If you are an adept of undeath, these count as class moves for you; you can choose from them when you level up:

☐ Shambling Horde

You ignore the penalties to cast spells from ongoing animated dead. 

☐ Legion of Horror

Requires: Shambling Horde

When you cast Animate Dead, you may animate a number of bodies up to your level.

☐ Graverobber

The corpses you animate need not be recently dead. However, if you animate a body that has has already significantly decayed, it will always be obviously dead.

☐ Rebuke Undead 

Requires: Turn Undead

When you turn undead, on a 10+ you gain ongoing control over mindless undead instead of causing them to flee. 

7 thoughts on “Compendium Class: Necromancer”

  1. I love the idea of a Necromancer as prestige class, but since Animate Dead is only available to Clerics in DW (usually) I would like to see another way to get this so other classes could access it.

    As for feedback…please keep in ind I am trying to help,so here goes:

    Animate Dead shows you clearly do not understand that Cast a Spell is the move and Animate Dead is the spell effect.

    When I roll a 10 to cast animate dead I get to choose something form the 7-9 list? List of what? I think you have confused the options of the spell with the choice you get based on the die roll to cast the spell in the 79- range.

    I can clearly see what you are TRYING to do, but it is not worded clearly and will not mesh well with the game mechanics.

    Does that make sense? I hope I’ve explained the difference well enough so you understand the mistake. Hope it helps!

    EDIT ADDED

    In an effort to clarify: The spell Animate Dead does not have a 7-9 result, the Cast A Spell move does. The spell (not the move) has a list of options and you can choose 1d4 of them. Your move has those two confused.

  2. Or are you saying you can “swap” a result from the 7-9 result of the move for a added affect from the spells effect list?

    Looking back I can see that as an interpretation as well, come to think of it.

  3. Thanks for the feedback! Glad you like the concept.

    You are correct that Clerics have the best access to Animate Dead; however, Wizards can add it to their spell list through the human racial feature or through Expanded Spellbook. So (just like in D&D) Clerics make better necromancers but Wizards can do it as well.

    As for the distinction between the Cast a Spell move and the Animate Dead spell itself… the intention is that by choosing one or more negative effects from the Cast a Spell move, the PC can choose the same number of positive traits to apply to the undead from the Animate Dead list (in addition to the usual 1d4). How can I express this more clearly in the write-up?

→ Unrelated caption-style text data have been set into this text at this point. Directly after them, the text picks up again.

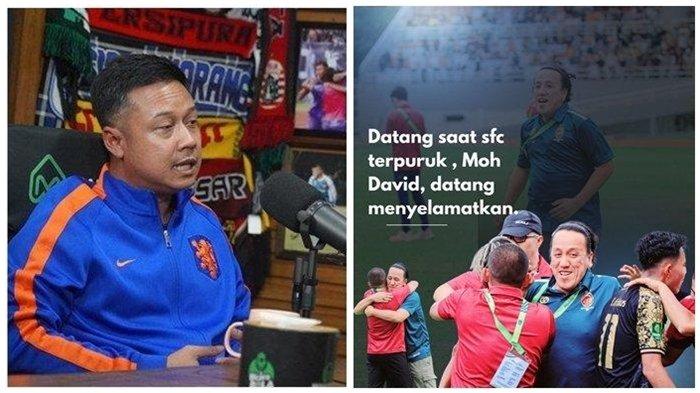 TUNTASKAN GAJI - CEO PT Digi Sport Asia Anggoro Prajesta menanggapi ancaman aksi boikot skuat Sriwijaya FC jelang laga pamungkas babak playoff degradasi Pegadaian Liga 2 2024/25 lawan Nusantara United FC di Boyolali. Asisten Manajer SFC Muhammad David membujuk pemain agar tetap bertanding dan meminta manajemen menuntaskan gaji pemain.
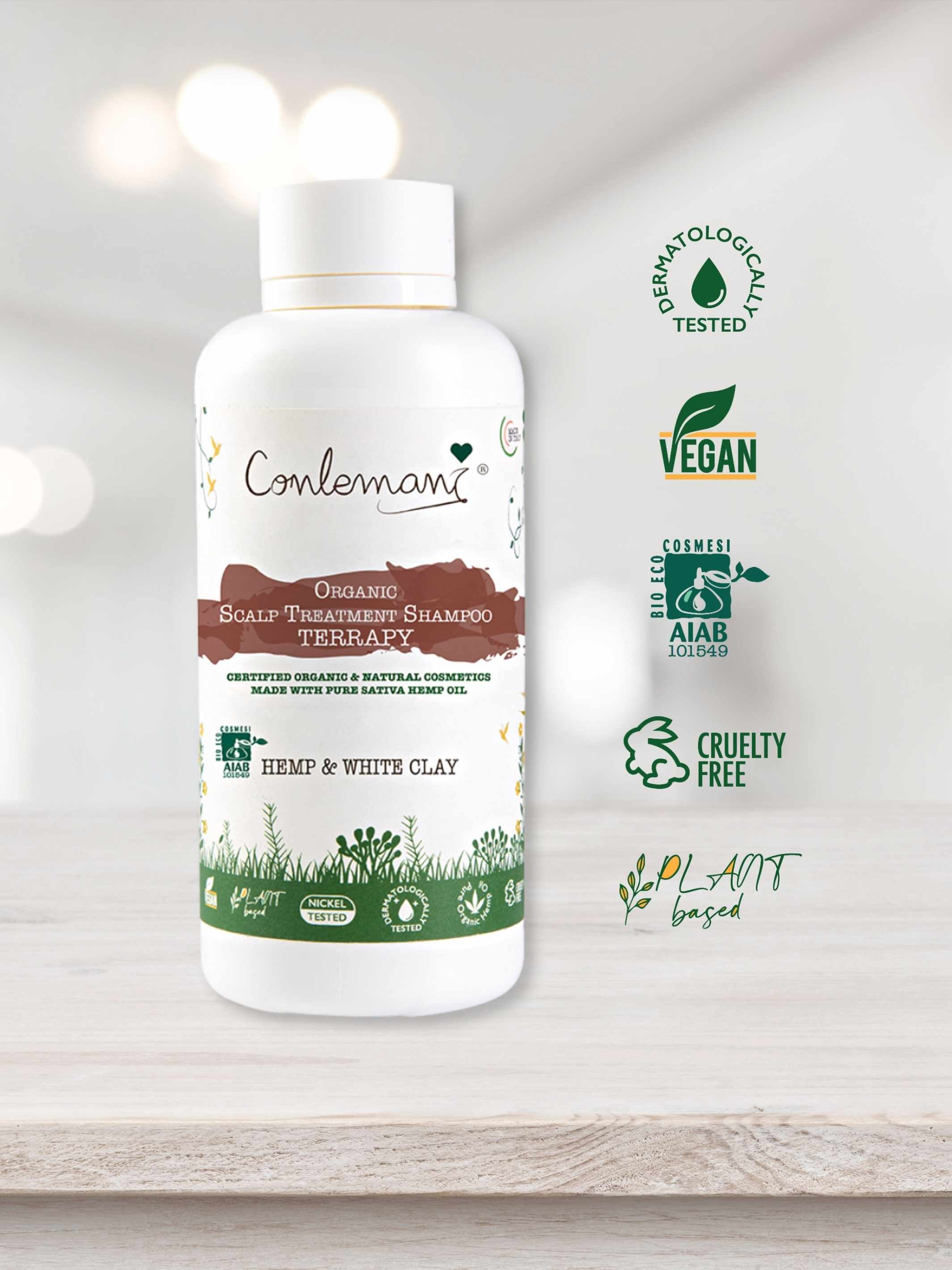 Organic Scalp Treatment Shampoo - Terrapy by Conlemany®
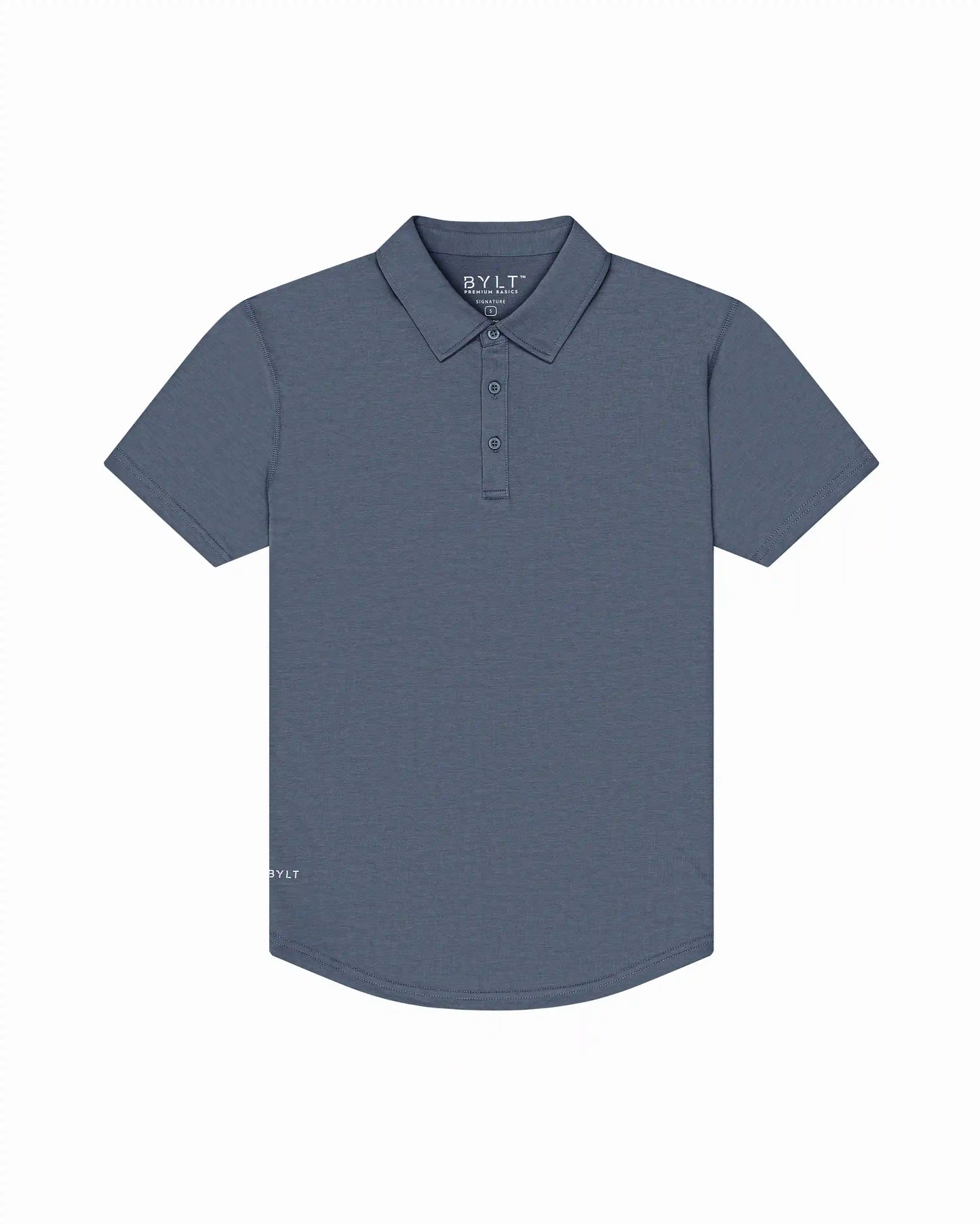 Drop-Cut Polo: BYLT Signature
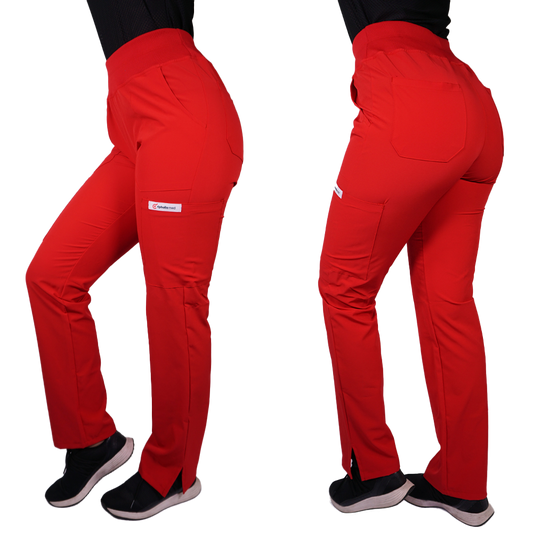 Pantalón Antifluidos Rojo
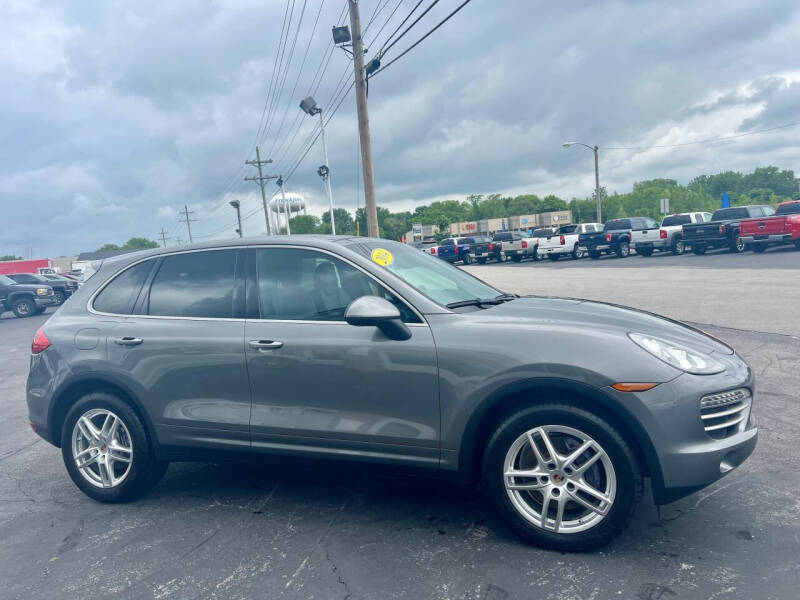2014 Porsche Cayenne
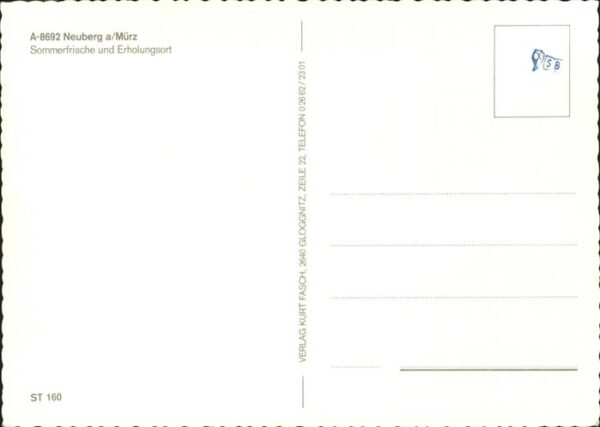 Neuberg Muerz Panorama Kirche Inneres See – Bild 2
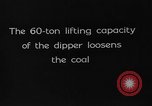 Image of coal mining United States USA, 1919, second 3 stock footage video 65675050762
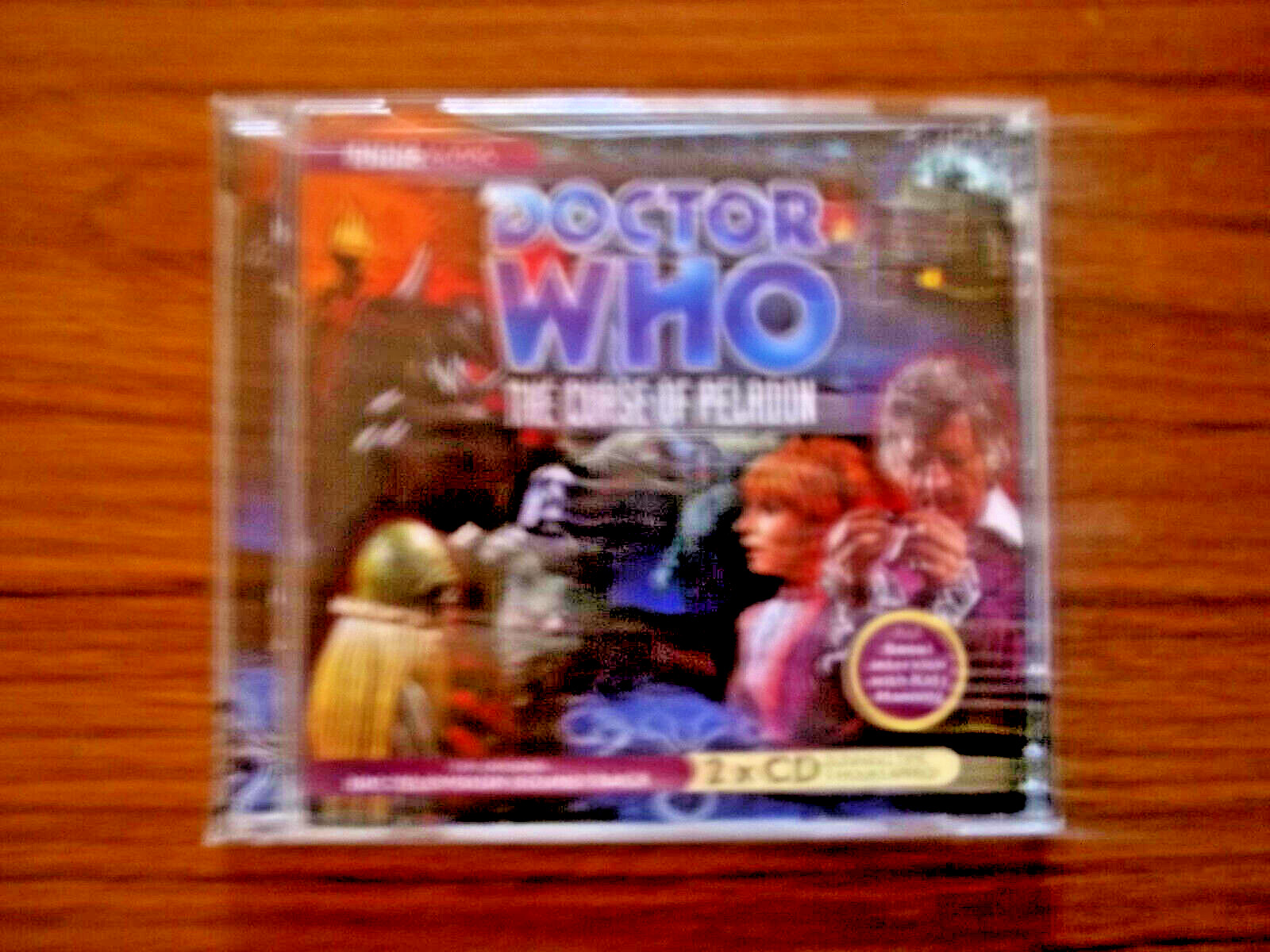 3rd Dr Doctor Who The Curse of Peladon Audio Original BBC Television Soundtrack
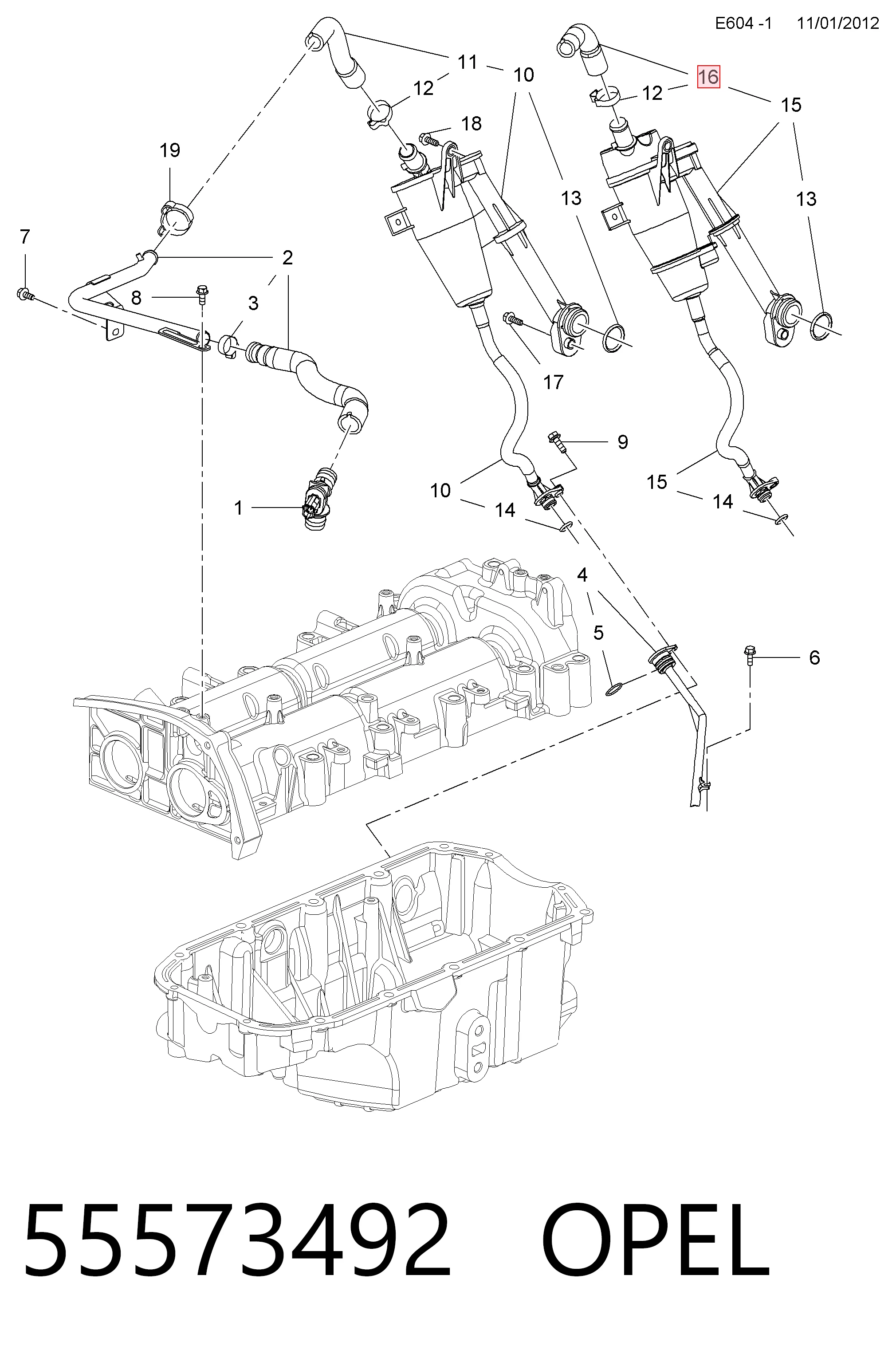 55573492 Opel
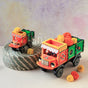 Wooden Truck - Showpiece | Home decor item | Room decoration item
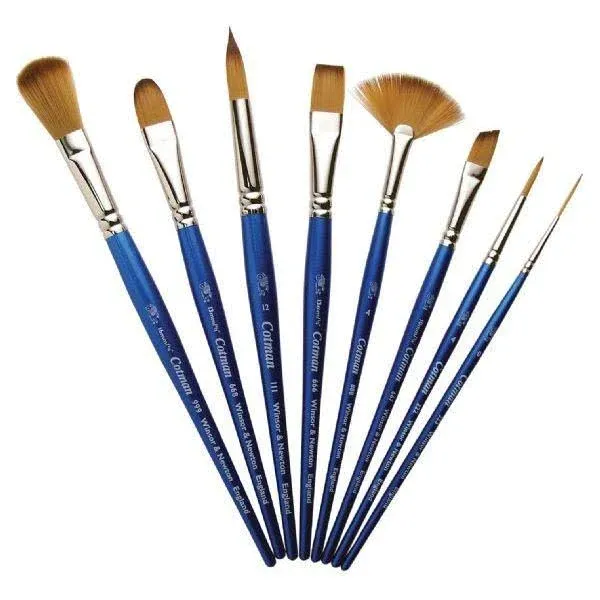 Cotman Water Colour Brushes 4/0, round, 111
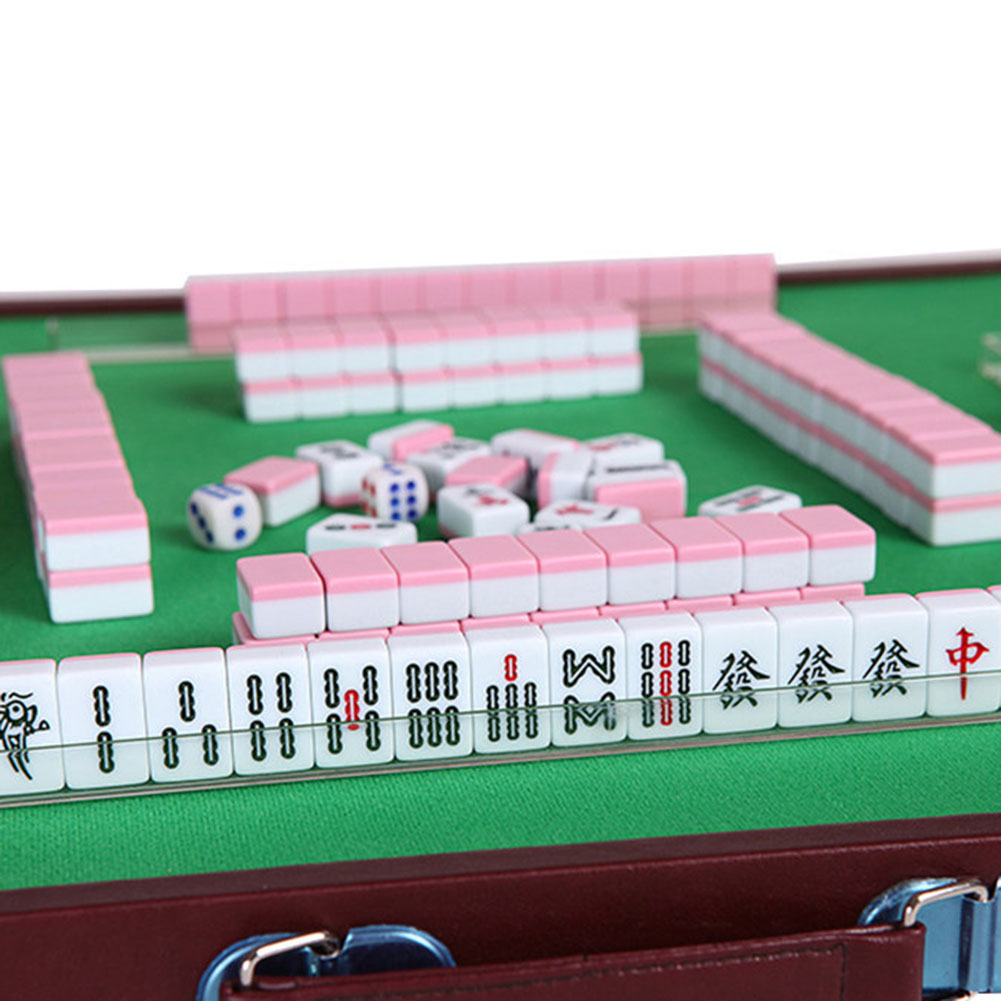 Portable Travel Mini Mahjong S - Board Game Pdf review and price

  4. Yeah I was misreading your move. Sorry! Still as the opening move for a prestige class it’s lackluster. You would roll 3 or 4 half the time in terms of options so you’d only really use it sometimes…maybe.

    Might I suggest:

    NECROMASTER: You have mastered the necromantic arts. Animate Dead is longer counts against your daily spell limit and you roll 1d3+1 for number of attributes the corpse has.

    A bit more appealing, imho.

  5. I like it – it’s definitely a bit more potent. At first I considered simply increasing increasing the number of traits the undead would receive but then I figured it would be mechanically richer, and more in keeping with DW’s design philosophy, to present the PC with a choice to trade a negative effect for a positive effect. But not counting Animate Dead against the spell limit adds extra value and fits in perfectly with the rest of the class.

  6. I chose to err on the side of simplicity because I’m having a hard time figuring whether the moves are overall too weak or too powerful. They are nearly all focused on simple boosts to a single spell, but if a character decides to invest in most or all of the necromancer moves then they’ll be able to create a rather large army of undead. This is intentional but I’m not sure if it’s overpowered or not.